Iain Anderson died in the accident in rural Fife.
Iain Anderson died in the accident in rural Fife.

A bus driver who witnessed a fatal accident thought the truck in front of him had thrown a bag of rubbish on to the roadside, before realising it was a person.

Andrew Harris, 56, who drives coaches for Moffat and Williamson in Fife, reversed his bus into a layby and ran to help cyclist Iain Anderson, who was lying badly injured on the road.

Dramatic footage of his Good Samaritan response, captured on his vehicle’s dashcam, was shown to a jury at the High Court in Livingston on Wednesday.

Tipper truck driver Adam Fernie, 80, is charged with causing the death of 66-year-old cyclist Mr Anderson by dangerous driving and colliding with his Coyote Connect folding electric bike.

Mr Anderson – described as a “loving father-of-five” – was cycling on the B937 Eden Bridge to Lindores near Ladybank, at around midday on Sunday August 25 2019 when he was struck.

Bus driver’s evidence

Mr Harris told the court: “The scene happened right in front of me.

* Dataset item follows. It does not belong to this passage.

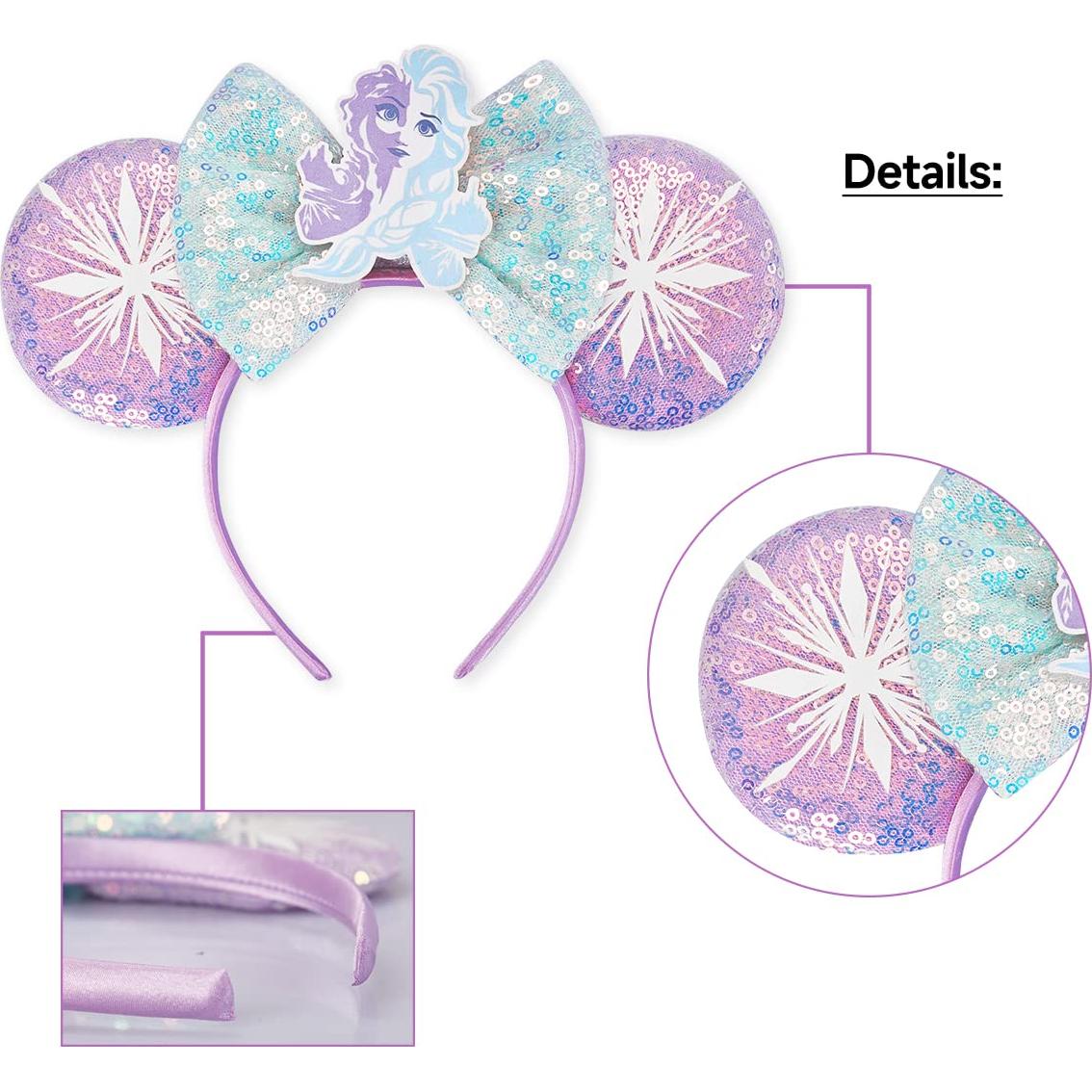 Diadema de Orejas de Ratón RAZKO, Lentejuelas, Talla Única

“At first I thought the truck in front of me had thrown a bag of rubbish out of the left hand side.

“Then I realised it was a person so I stopped, reversed the bus and just went to help the person.”

The jury was shown four minutes of video in which a man is seen running to the scene of the accident from a VW Golf parked in a layby, quickly followed by Mr Harris.

Iain Anderson.

The bus driver said: “I found a gentleman in the road.

“His bike was all mangled up from the back end.

““The chap that was already there was on the phone to emergency services.

“The man on the road was in a prone/recovery position.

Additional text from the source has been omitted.